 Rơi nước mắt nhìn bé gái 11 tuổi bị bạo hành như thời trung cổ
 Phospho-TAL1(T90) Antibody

____________

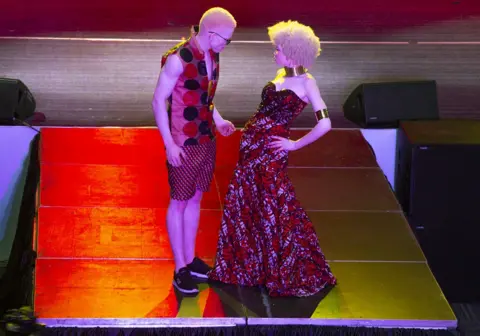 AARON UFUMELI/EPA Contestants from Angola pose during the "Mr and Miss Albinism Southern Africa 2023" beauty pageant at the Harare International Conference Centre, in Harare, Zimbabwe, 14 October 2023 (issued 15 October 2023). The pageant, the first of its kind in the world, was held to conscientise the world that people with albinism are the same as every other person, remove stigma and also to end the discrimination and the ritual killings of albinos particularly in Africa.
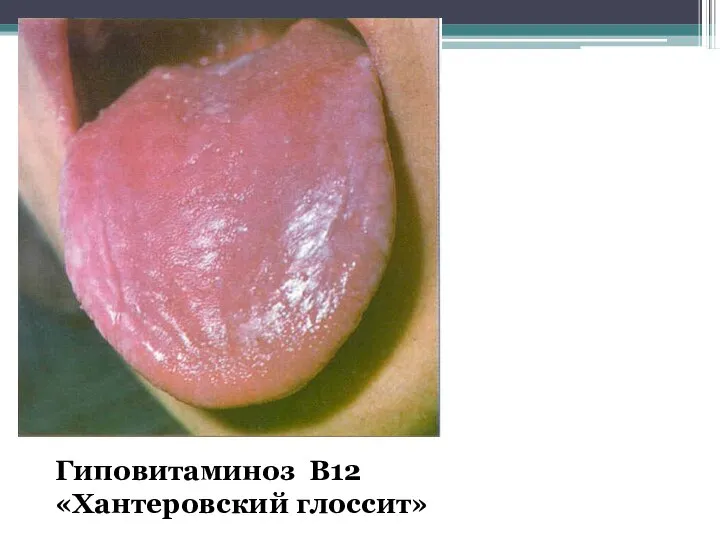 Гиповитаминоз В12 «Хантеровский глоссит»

____________

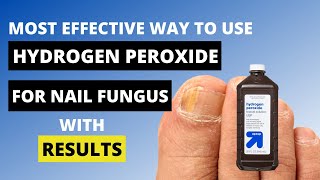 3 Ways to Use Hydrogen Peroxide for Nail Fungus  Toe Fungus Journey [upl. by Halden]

____________

REQUIRED WORK
Give back exactly the lines above starting at the line where "Rơi nước mắt" appears and ending at the line where "Phospho-TAL1(T90) Antibody" appears, both included, with no other lines.

SOLUTION TO THIS EXERCISE
 Rơi nước mắt nhìn bé gái 11 tuổi bị bạo hành như thời trung cổ
 Phospho-TAL1(T90) Antibody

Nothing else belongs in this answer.